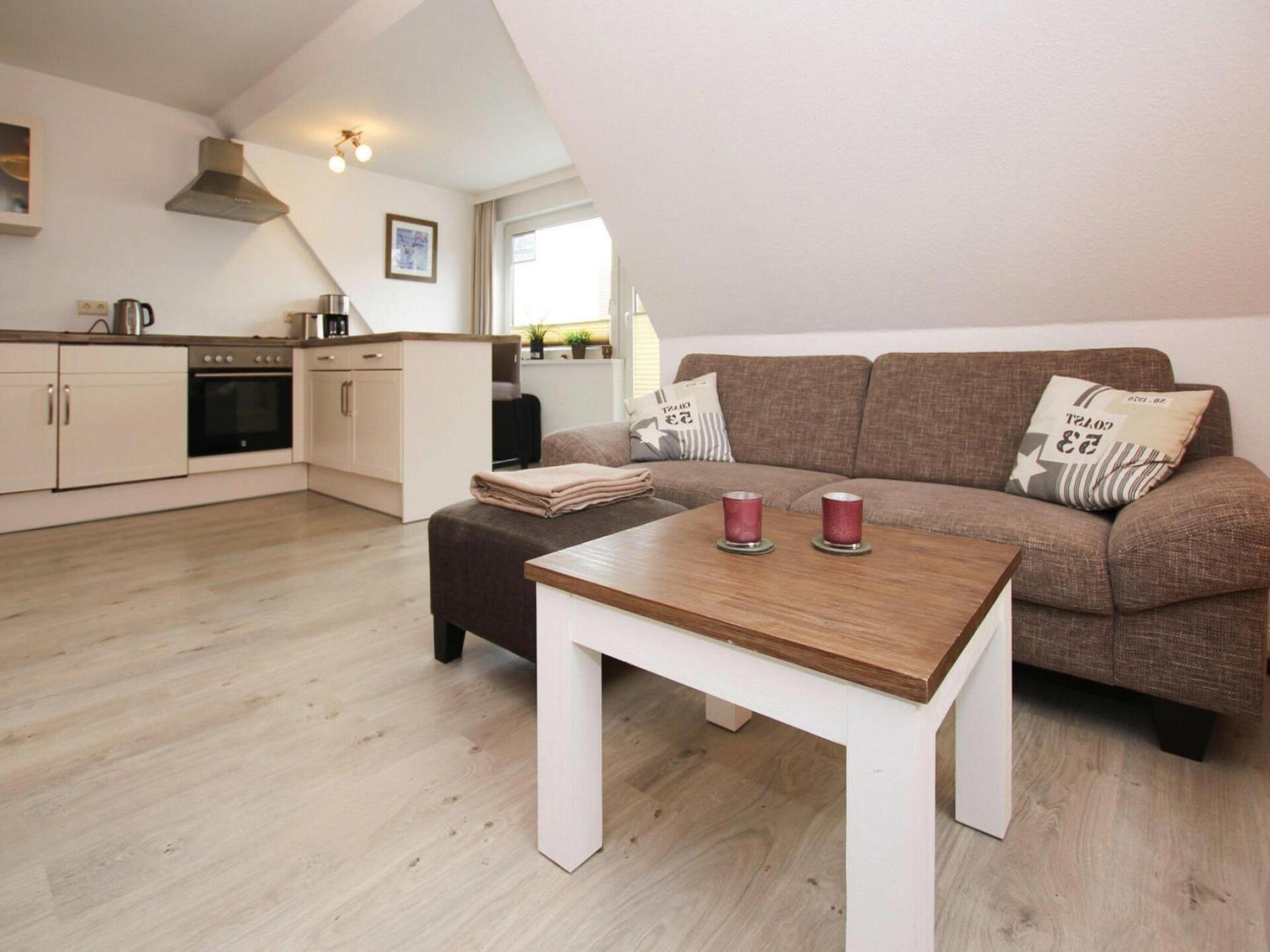 Op 700 m van zee: Gezellig appartement in St. Peter-Ording - foto 8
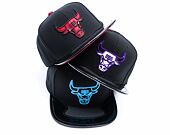 Kšiltovka Mitchell & Ness - Chicago Bulls - Day 11 Snapback - Red-Black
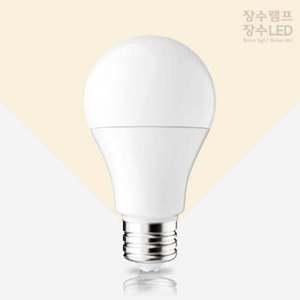 장수램프 A19 LED 벌브 전구 10W E26 주광색
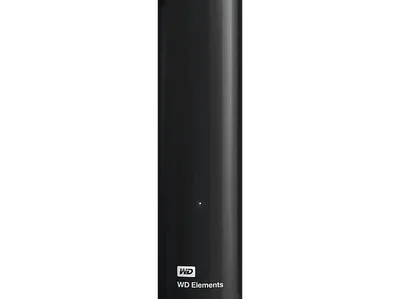 WD Elements™ Desktop Festplatte, 8 TB HDD, 3,5 Zoll, extern, Schwarz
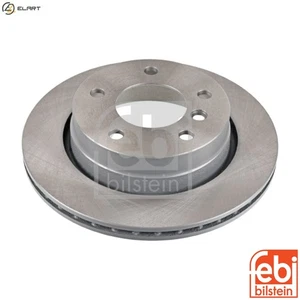 2x BRAKE DISC 12324 FOR BMW N46 B20 CA/N42 B20 BZ 2.0L 4cyl 3 SERIES N42B18 1.8L - Picture 1 of 9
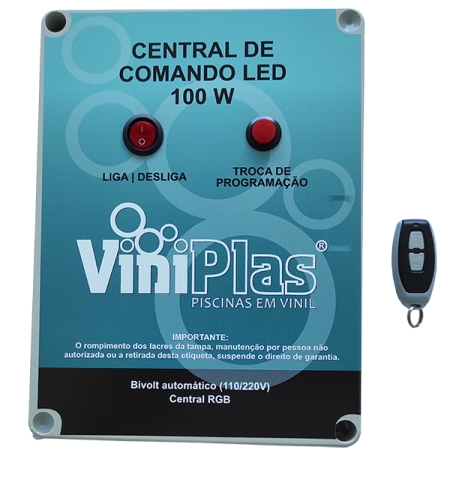 Painel de Comando 100W RGB
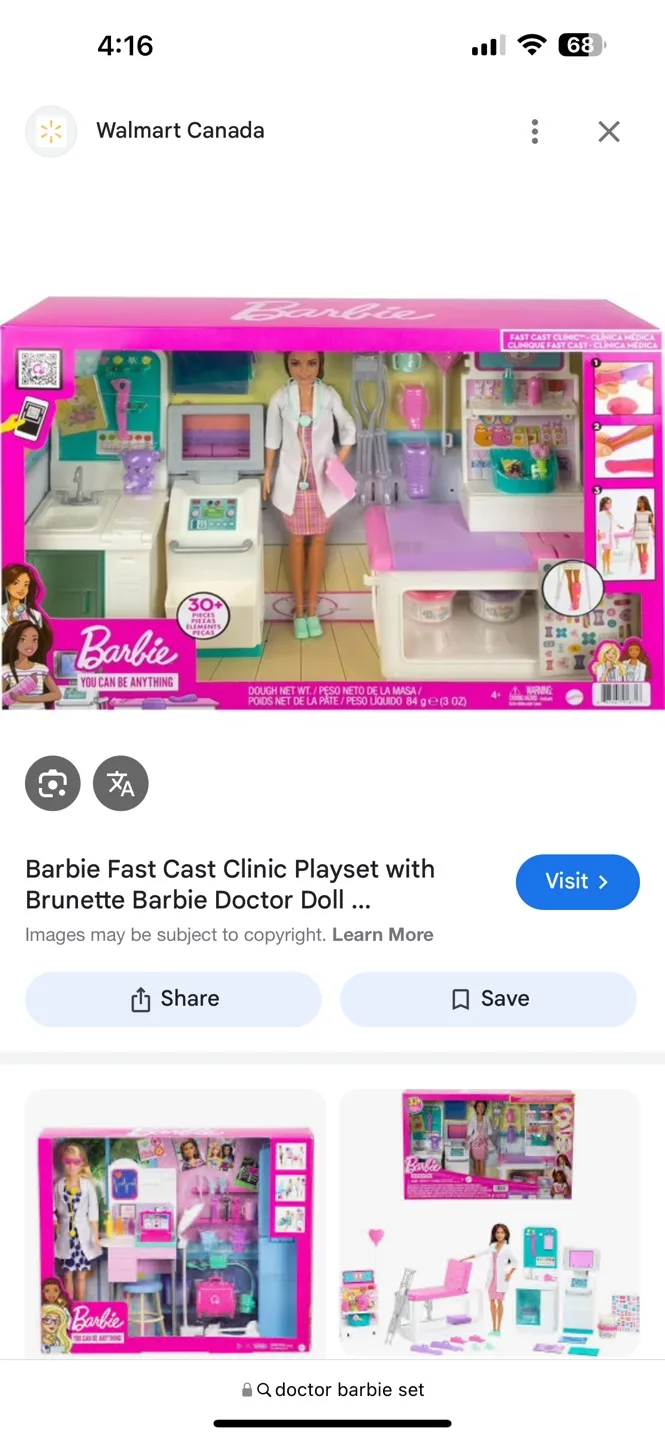 Barbie Fast Cast Clinic Playset image indicator(3)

# WHAT NEEDS TO BE DONE
In the answer, retype exactly and only the lines from the one holding "Painel de Comando 100W RGB" through the end of the listing, keeping both ends and dropping every picture.

# RESULT BELOW
 Painel de Comando 100W RGB
 Barbie Fast Cast Clinic Playset image indicator(3)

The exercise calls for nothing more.